JW: Köln Üniversitesi’nde dün öğrencilerin genel toplantısı yapıldı. Köln’de de diğer şehirlerde olduğu gibi boykota mı gidilecek?

- Evet. Salı günü uyarı boykotu yaptık. Bunun dışında Pazartesi günü Essen Üniversitesi 10 Haziran’a değin boykot kararı aldı. Duisburg Üniversitesi boykotunu sürdürecek. Ayrıca Wuppertal’daki kolej okulu öğrencileri de boykot yapanlara katıldı.

JW: İşçi grevinden farklı olarak öğrencilerin boykotu ekonomiye zarar vermiyor. Boykot ile politikaya baskı uygulanabilir mi?

- 1993-94 ve 1997-98 kış sömestrilerinde tüm Almanya genelinde yaşanan boykotlarla paralı eğitim ve uzun süre okuyanların okuldan atılmaları ile ilgili saldırılar püskürtüldü. Bu kez de protestolar, yürüyüşler, imza kampanyalarımızla grevi öyle kullanacağız ki, bu planlanan politikaları kabul etmediğimizi göstereceğiz. Bu da politik bir basınç biçimidir.

JW: Bu aralar GATS ile öğrenim sektörünün liberalleşmesi gündemde. Öğrenciler böylesine bir düşmana karşı silahları doğrultmadılar mı?

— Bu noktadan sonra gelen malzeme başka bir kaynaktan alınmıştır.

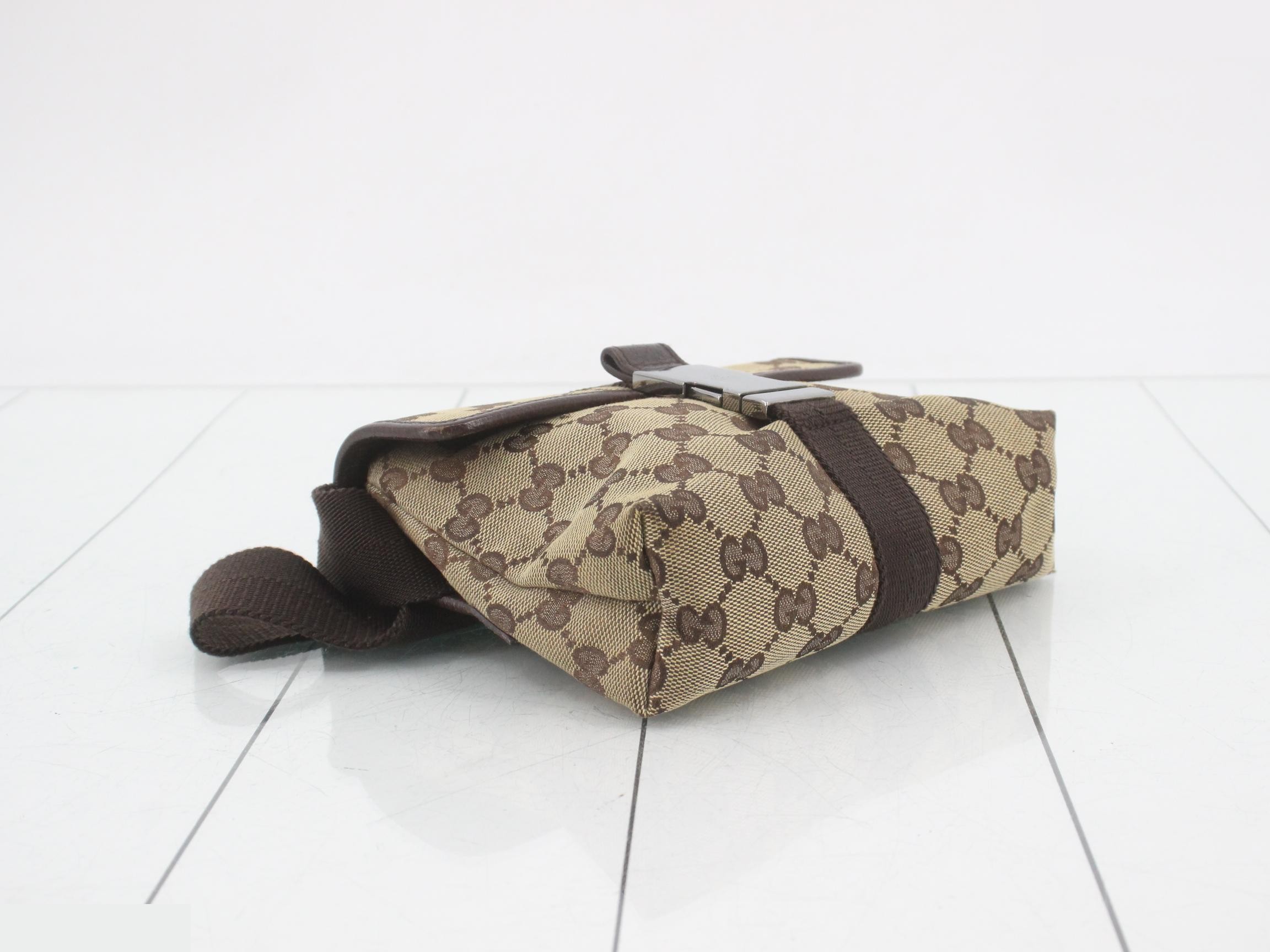 GG Canvas Body Bag, Canvas/Leather, Brown — view 5
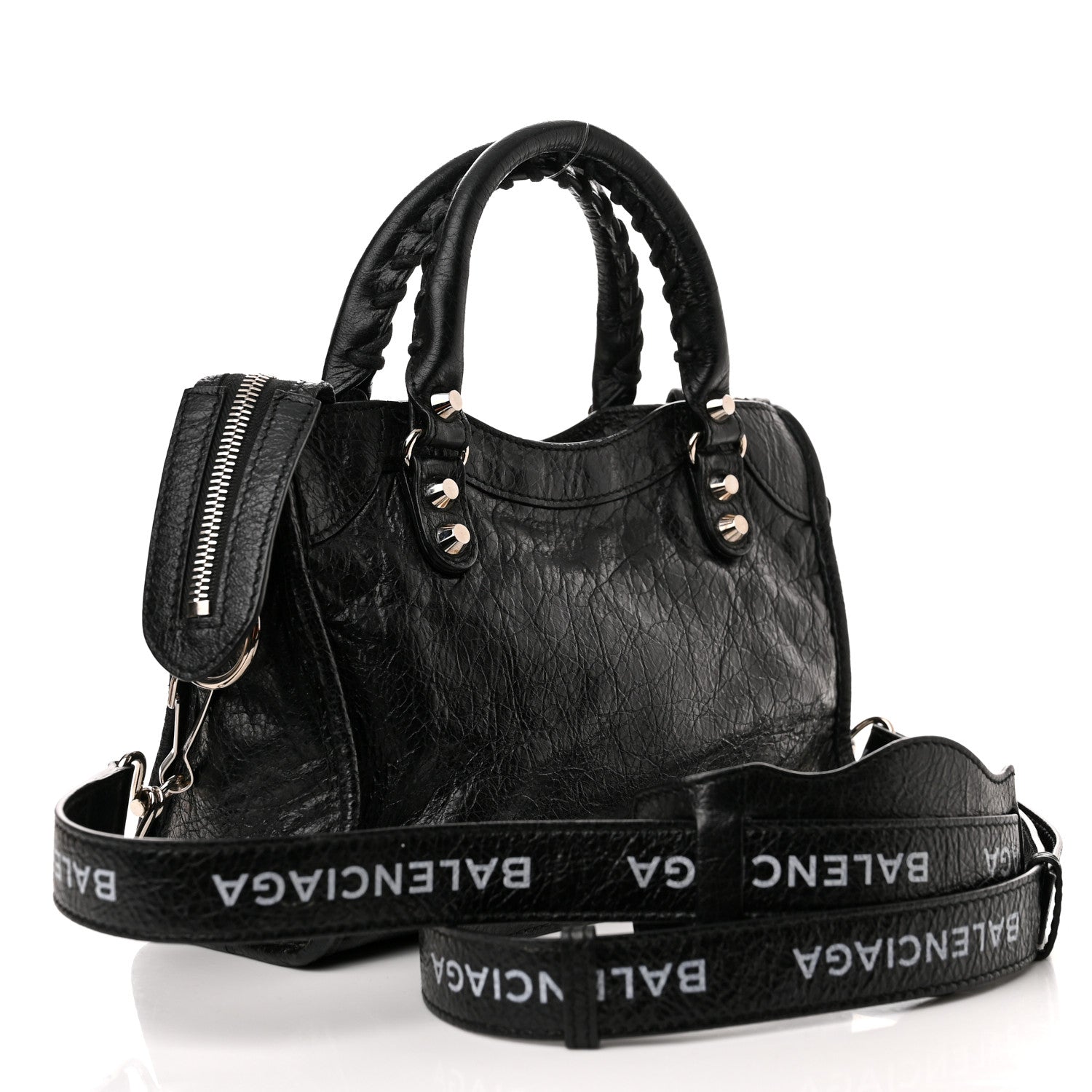 Balenciaga Agneau Classic Silver Hardware Mini City Logo Strap Black White 3 of 10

- Kesinlikle değil. Biz daha çok boykot ve protesto eylemlerini bunlar arasındaki ilişkiyi açığa çıkarmaya yöneltmeliyiz. Örneğin, Almanya ekonomisinin kurumları ile birlikte ücretli öğrenimi kararlaştıran 3 Mayıs’taki ekonomi bakanları konferansının sonuçlarına. Avrupa ve tüm dünyada süren pazarlıklara karşı güçlü dayanışmacı protestolar örgütlemeliyiz.